The Price We Pay (2022)

Rating: B

Dir: Ryuhei Kitamura
Star: Gigi Zumbado, Stephen Dorff, Emile Hirsch, Vernon Wells

I thoroughly enjoyed the cheerily savage nature of this. Much like From Dusk Till Dawn, it starts off a hostage taking thriller, before making a sharp left-turn into horror territory. In this case, a robbery at a pawn shop goes wrong, and the perpetrators, led by Cody (Dorff), take customer Grace (Zumbado) captive, as they try to make their way away. After an attempt to avoid a road-block and a car breakdown, they seek refuge on a nearby farm, despite the reluctance of their teenage host. To nobody’s surprise except theirs: big mistake. For they have just walked into, and been captured by, a rural organ-harvesting ring run by a mad doctor (Wells) and his family. At least it’s not vampires.

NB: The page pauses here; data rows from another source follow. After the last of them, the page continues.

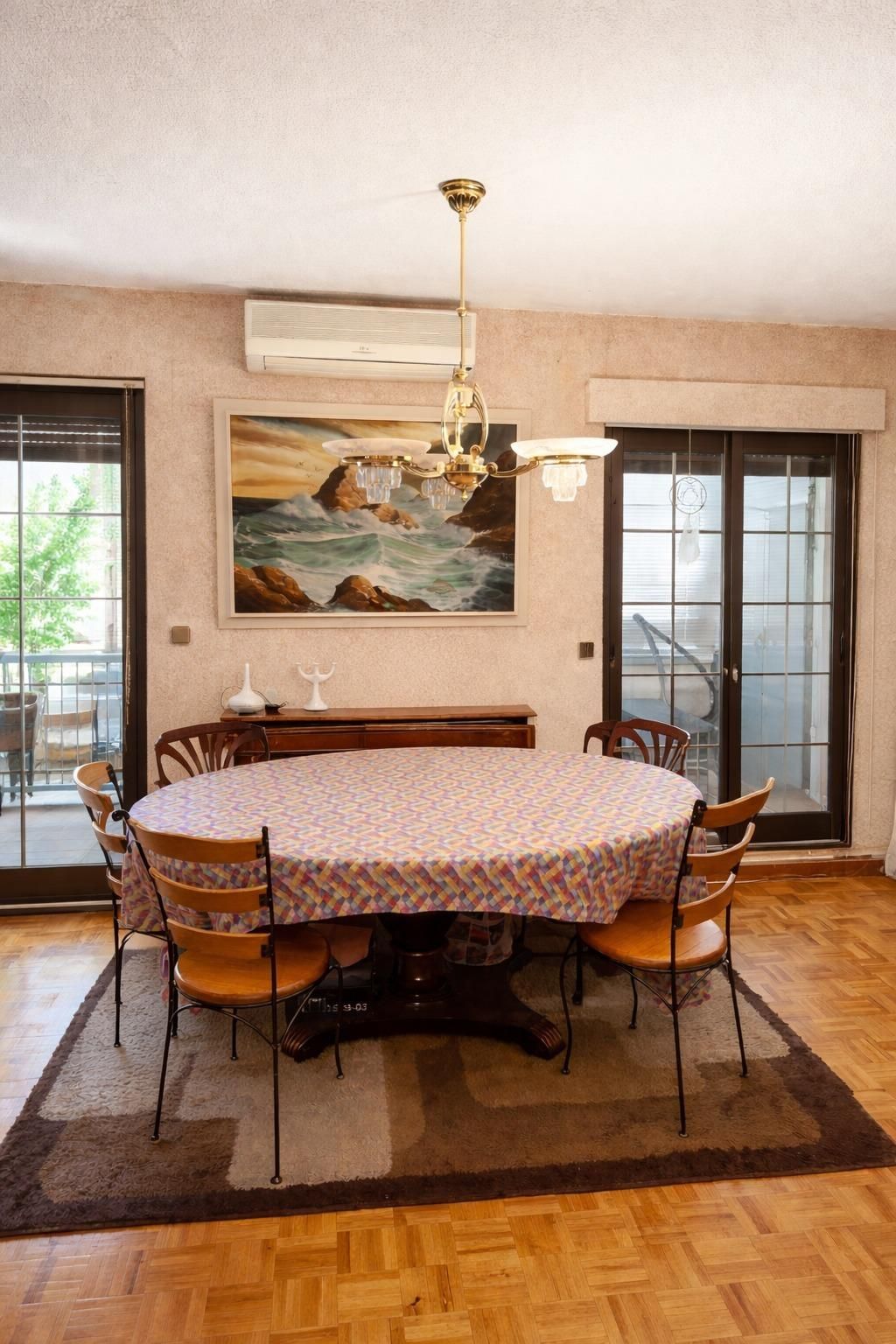 Dining room of Flat for sale in Fuenlabrada  with Air Conditioner, Heating and Parquet flooring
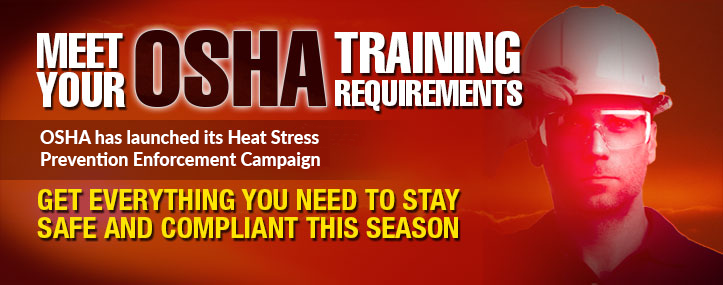 Heat stress prevention training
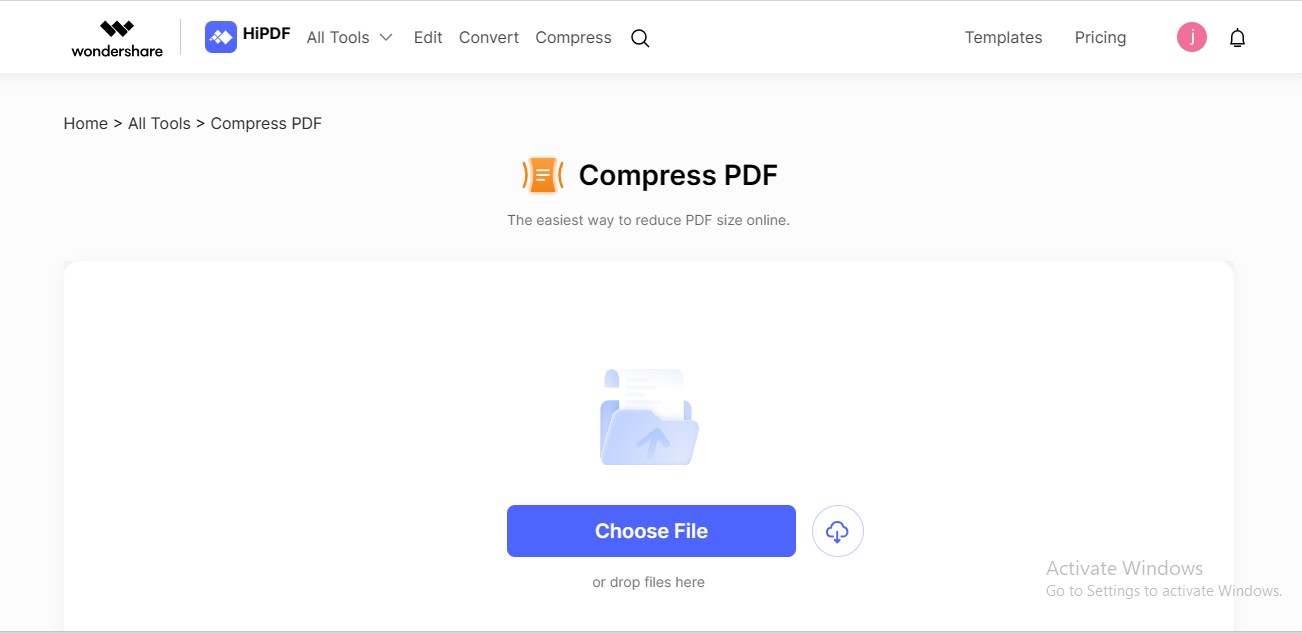 choose file compress hipdf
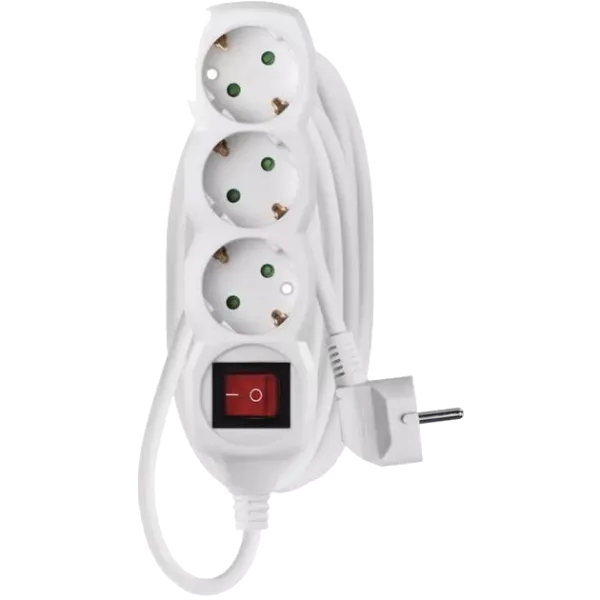 EMOS P1321R 3 розетки 1.5 м Мережевий подовжувач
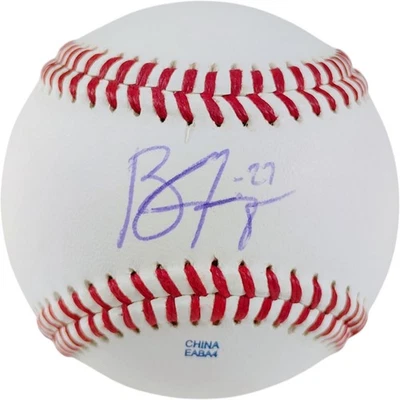 Foto de prueba autógrafa de béisbol firmada por Brandon Finegan de los Reales de Kansas City certificado de autenticidad KC Foto 1 de 4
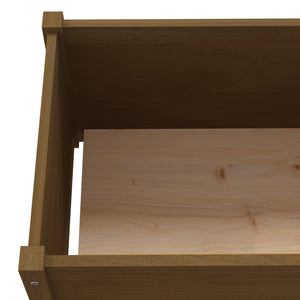 Pflanzkübel Honigbraun 200cm Kiefer Massivholz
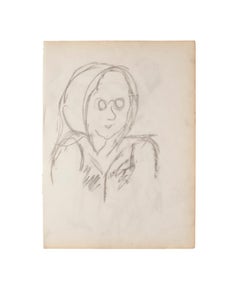 Figure - Crayon original sur papier - 1960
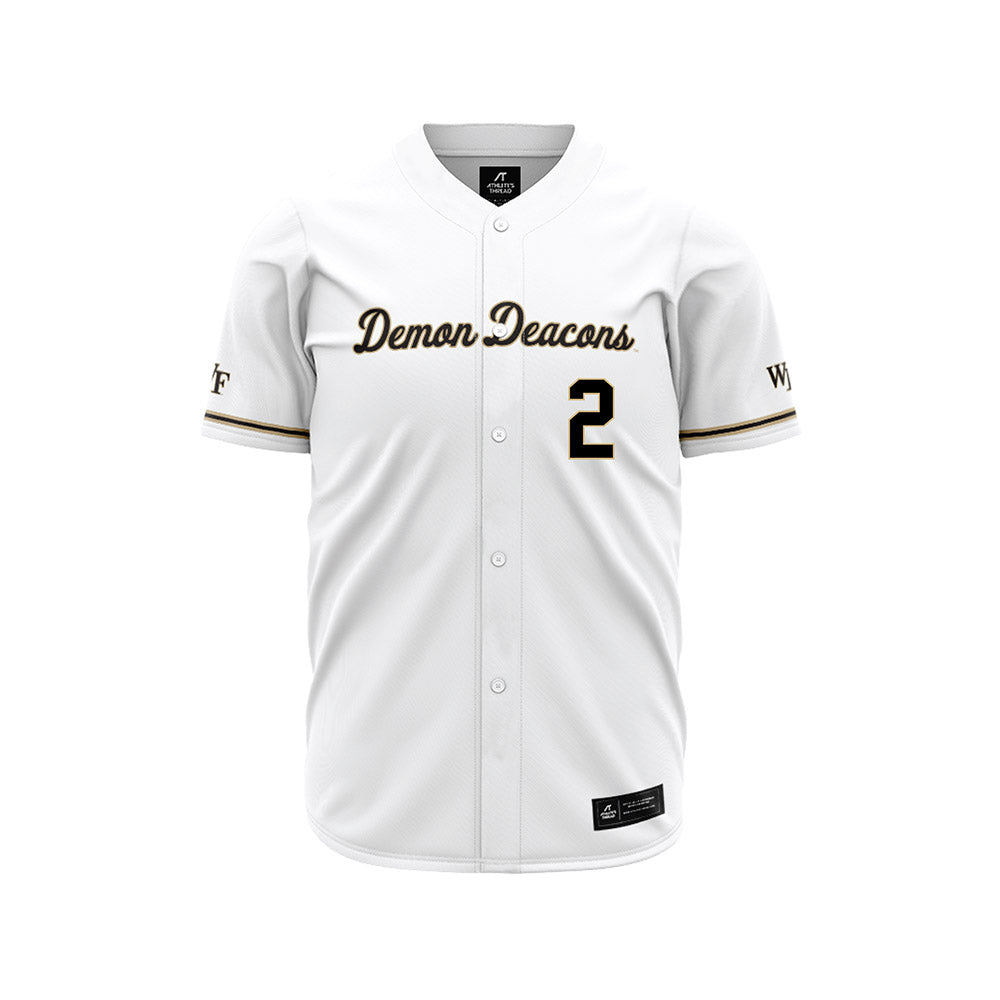 Wake Forest - NCAA Baseball : Logan D'Amico - White Jersey-0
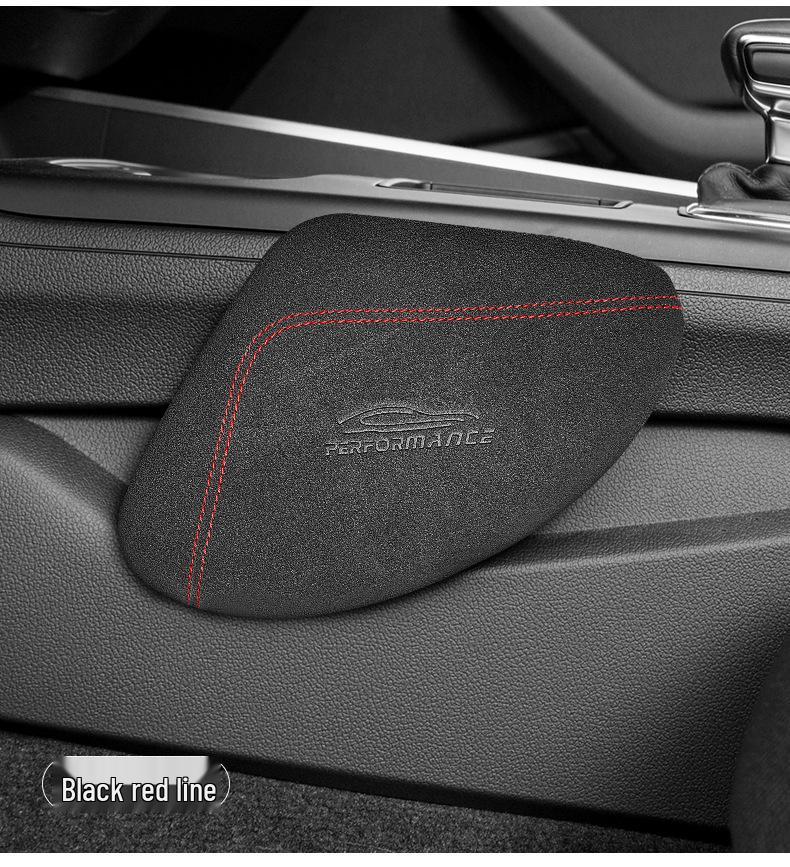 Car Essential: Alcantara Knee Support Cushion for Long-Distance Driving
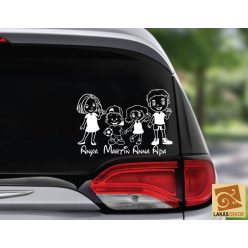 Anya, Fiú, Lány, Apa autósmatrica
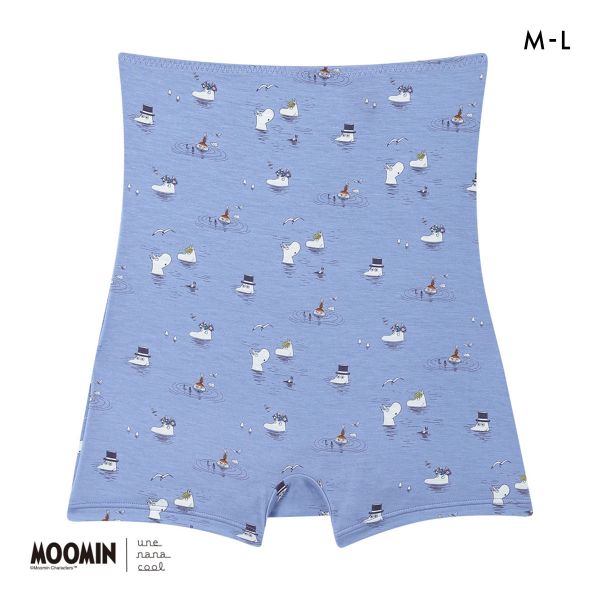 ウンナナクール MOOMIN × une nana cool ボーイレングスショーツ ハラマキ付きショーツ ムーミン 単品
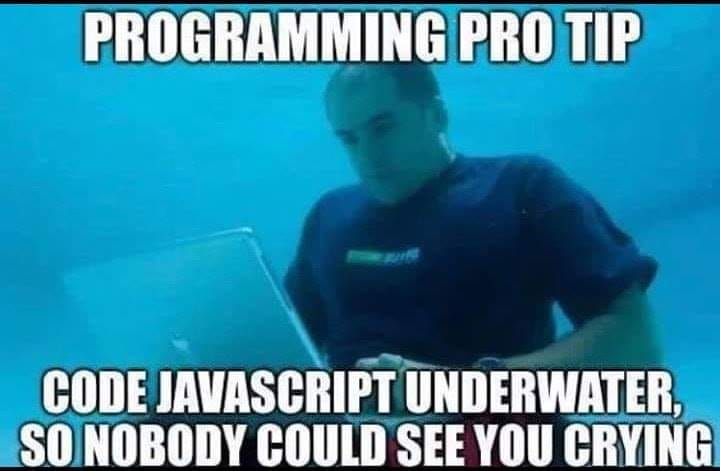 #Humor – #Javascript programming tip – El Bruno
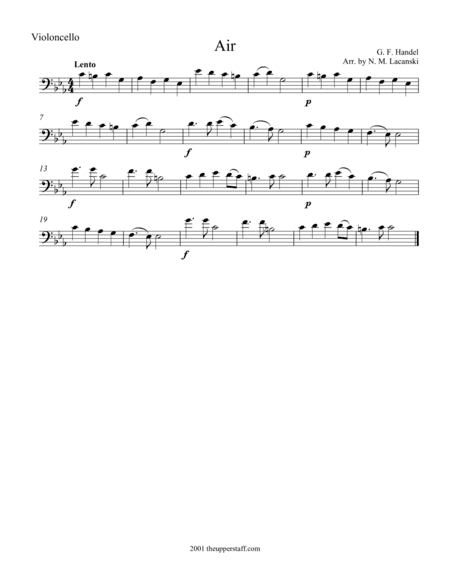 Air (arr. Nick Lacanski)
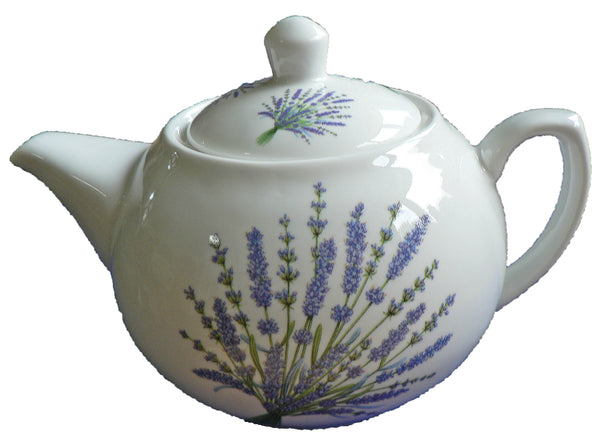 Lavender pattern 2 cup porcelain teapot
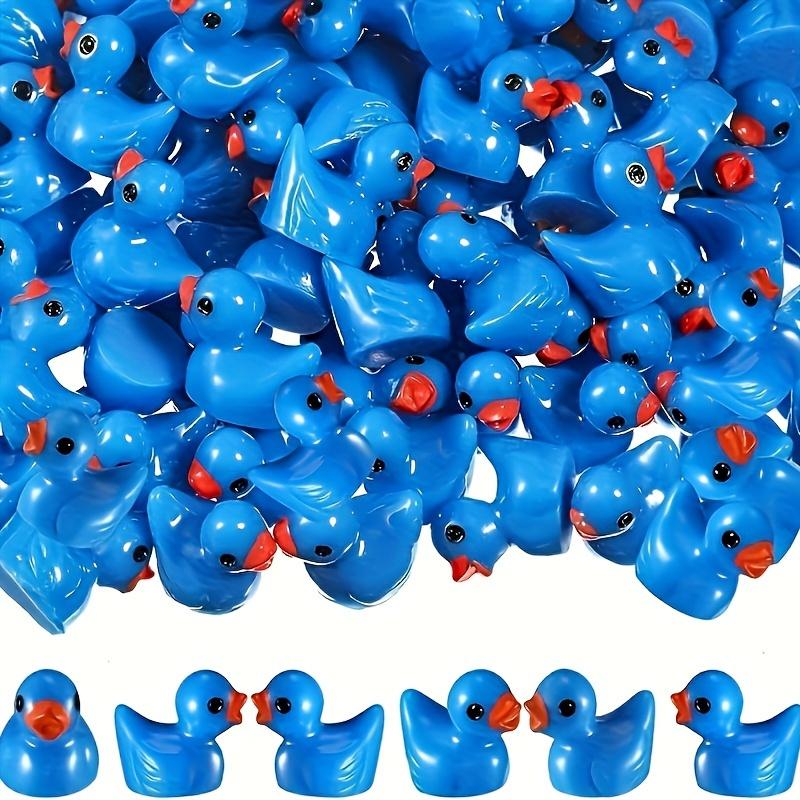 

100/50Pcs Small Resin Grayish Blue Duck Miniatures Tiny Animal Garden Fairy Ornament, Table Potted Plant Micro Landscape Diy Decoration 100pc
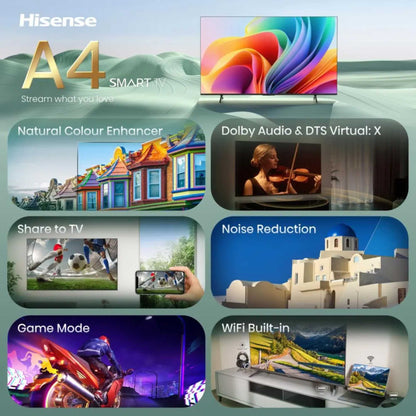 Hisense A4S 40" Full 1080 HD DLED Smart TV - 40A4STUK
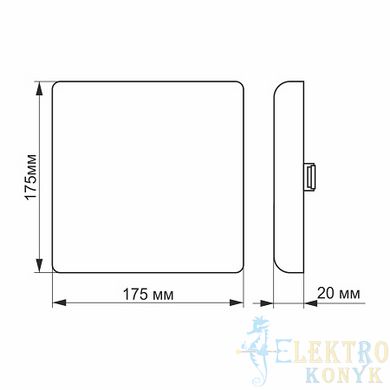 Купити Точковий світильник безрамковий квадратний LED VIDEX 24W 4100K у Львові, Києві, Дніпрі, Одесі, Харкові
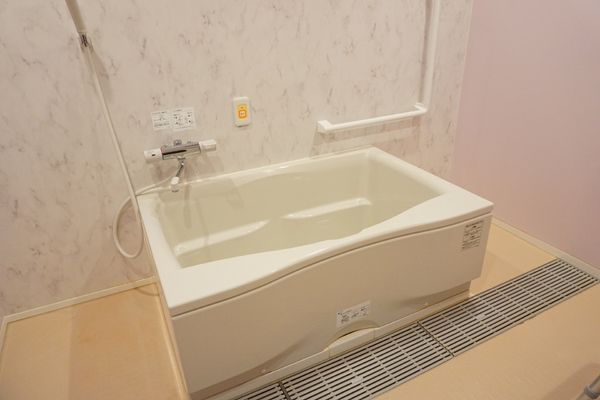 バリアフリー浴室の一角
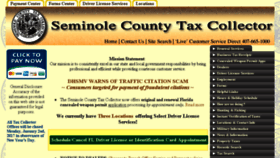 What Seminoletax.org website looked like in 2017 (7 years ago)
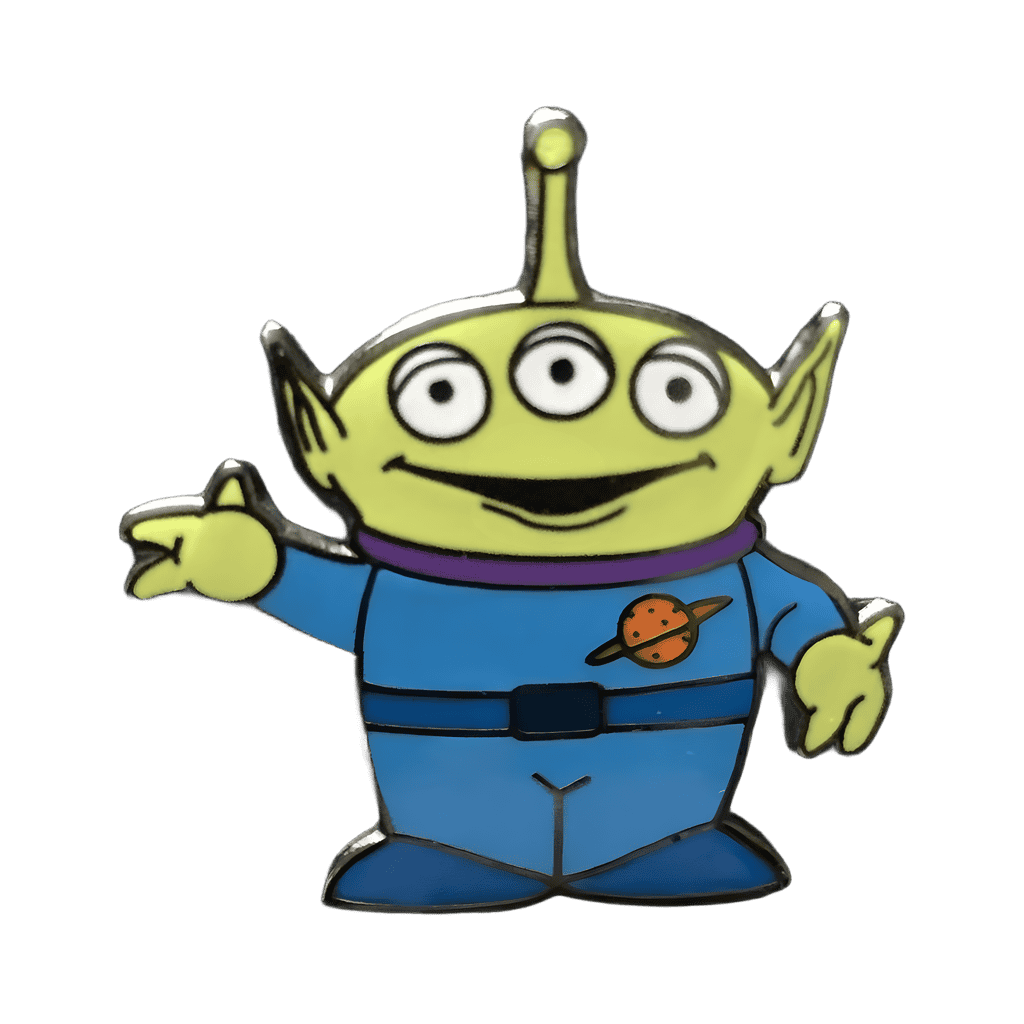Little Green Man (Alien) Disney pin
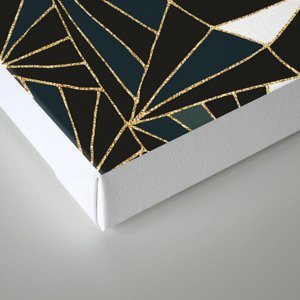New Art Deco Geometric Pattern Emerald Green And Gold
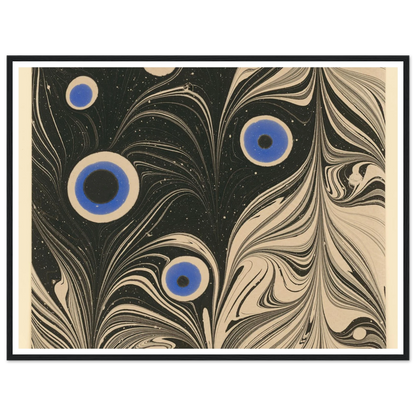 Marmorpapier (Pfauenfederornament) (1903 - 1907) Art Print | Josef Hoffmann-Quipham Collections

You want more plot? Um… Sorry, you’re largely out of luck. This is stripped down survival horror, although the early stages do have some additional character building. We get a bit of sympathy for Grace in her interaction with the sleazy pawn-shop owner. There’s also tension between Cody and Alex (Hirsch), mostly because the latter is a complete psycho. Again, this is not unlike FDTD, and the Seth and Richard Gecko siblings. It’s funny how often this happens in crime movies. If there are three people carrying out a robbery, it feels like there will inevitably be a smart one, a stupid one and a psycho. Anyway, it’s Alex who first encounters the family, as he seeks to silence the teenage witness. Discovering an underground bunker beneath the barn should probably have been a big red flag, I’d say.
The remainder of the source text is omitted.